1830 Liverpool by-election
| 30 November 1830 |
| Candidate | William Ewart | Evelyn Denison |
| Party | Radical | Whig |
| Popular vote | 2,215 | 2,186 |
| Percentage | 50.3% | 49.7% |
| Member of Parliament (MP) before election William Huskisson Tory | Elected Member of Parliament (MP) William Ewart Radical |

= 1830 Liverpool by-election =

British election

The 1830 Liverpool by-election took place on 30 November to elect one of Liverpool's two Members of Parliament (MPs) after the death of incumbent William Huskisson. Huskisson, who had died in a railway accident in September, was a Tory, as was fellow MP Isaac Gascoyne. Radical William Ewart defeated Whig Evelyn Denison. Both men's views were regarded as similar, but Denison was considered more elitist and anti-reform.

After allegations of bribery, the election was nullified in March. Both Ewart and Denison defeated Gascoyne heavily in the following year's general election.

==Background==
The constituency of Liverpool was entitled to two Members of Parliament (MPs). Since 1729, franchise in the constituency had been restricted to the Mayor, bailiffs, and freemen who were not receiving alms. This gave an electorate size contemporaneously estimated to be around 3,000, although modern sources give more than 5,000 eligible voters in the early 1830s.

Isaac Gascoyne and George Canning heavily defeated two other candidates to receive the seats in 1820. Canning became prime minister in 1823, whereupon his protege, William Huskisson, succeeded him in the constituency. Gascoyne and Huskisson would continue as MPs until Huskisson died in an accident while attending the opening of the Liverpool and Manchester Railway on 15 September, necessitating a by-election to determine his successor.

==Campaign==
Campaigning for the election began before Huskisson was buried, on 24 September.

William Ewart, a member of multiple commercial and politically-linked families, announced his candidacy on 1 October.

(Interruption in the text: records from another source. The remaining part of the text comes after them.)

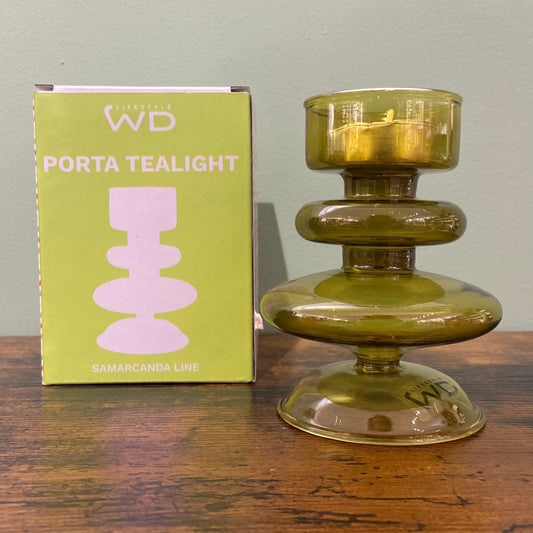 Porta tealight - Verde oliva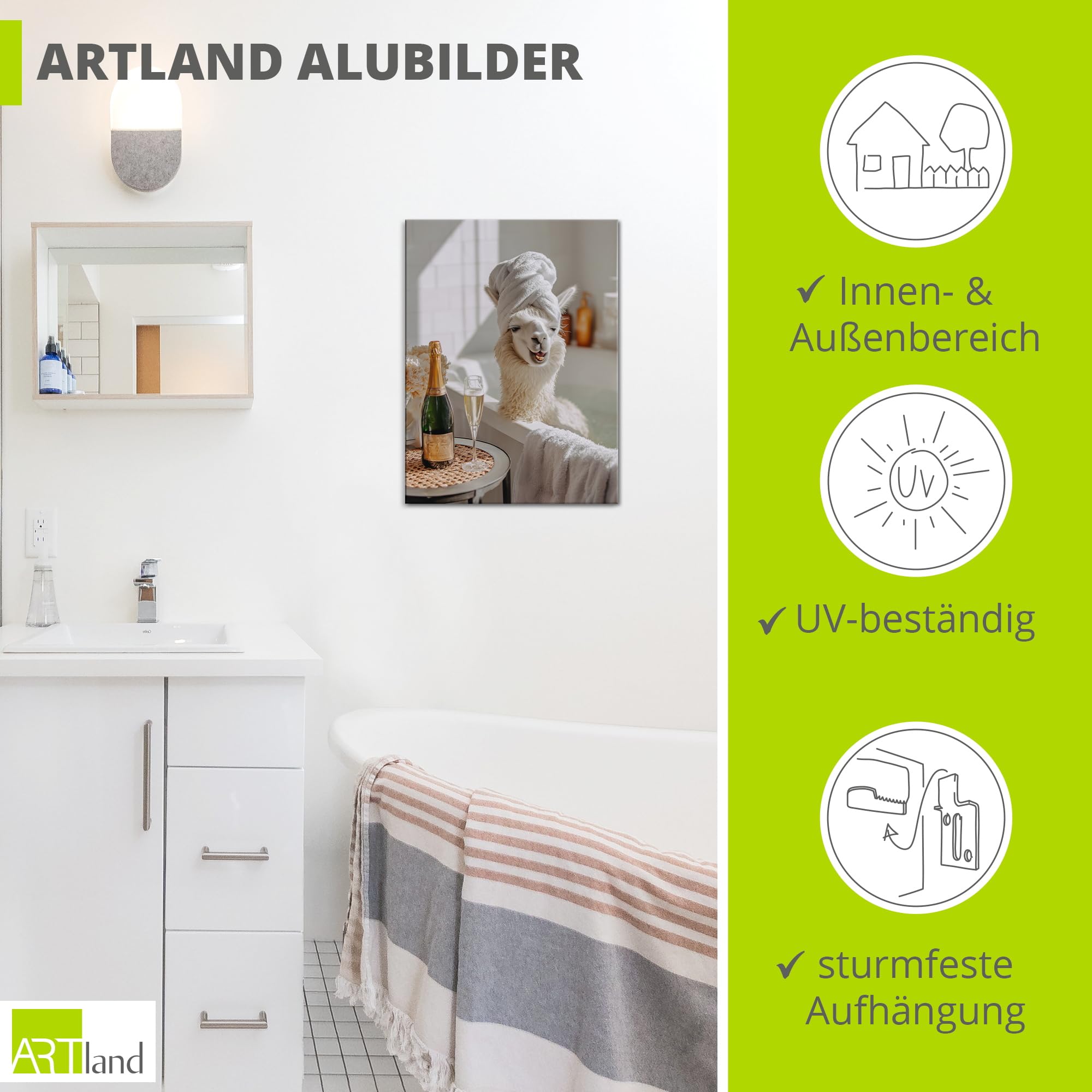 artland-alubilder-u6av-lama-badewanne-alubild-30x40-wei image 3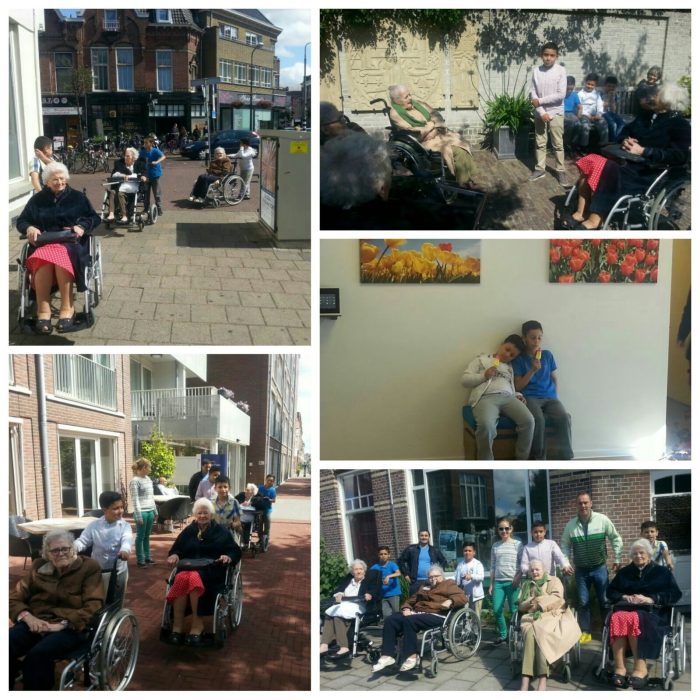 Jongeren rijden ouderen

A Mr. Gladstone was speculated as a possible third candidate on 22 October, but had not formally entered the race as of the following day. At the same time, the opinions of Denison and Ewart were considered so identical that in the absence of a third candidate the race was considered "in great measure a personal one". Nevertheless, Denison was criticised for failing to disclose his opinions on various issues to the electorate at that time.

During the campaign, Denison was criticised for espousing aristocratic and anti-franchise expansion views, which were considered especially hypocritical given that he had visited America.

==Results==
This election was conducted over the course of 7 days.

By-election, 30 November 1830: Liverpool
| Party |  | Candidate | Votes | % | ±% |
|---|---|---|---|---|---|
|  | Radical | William Ewart | 2,215 | 50.3 | +30.6 |
|  | Whig | Evelyn Denison | 2,186 | 49.7 | N/A |
| Majority |  |  | 29 | 0.6 | N/A |
| Turnout |  |  | 4,401 | c. 82.3 | c. +77.0 |
| Registered electors |  |  | c. 5,350 |  |  |
|  | Radical gain from Tory |  | Swing | N/A |  |

==Aftermath==
Both sides accused each other of bribery, and the election was declared null and void in March.

In the 1831 election, both Denison and Ewart defeated Gascoyne by a respective 1,886 and 1,910 to Gascoyne's 610. Gascoyne, mockingly described as "Gallant" by the Morning Chronicle, was also deemed to have "the ambition to obtain a bad pre-eminence".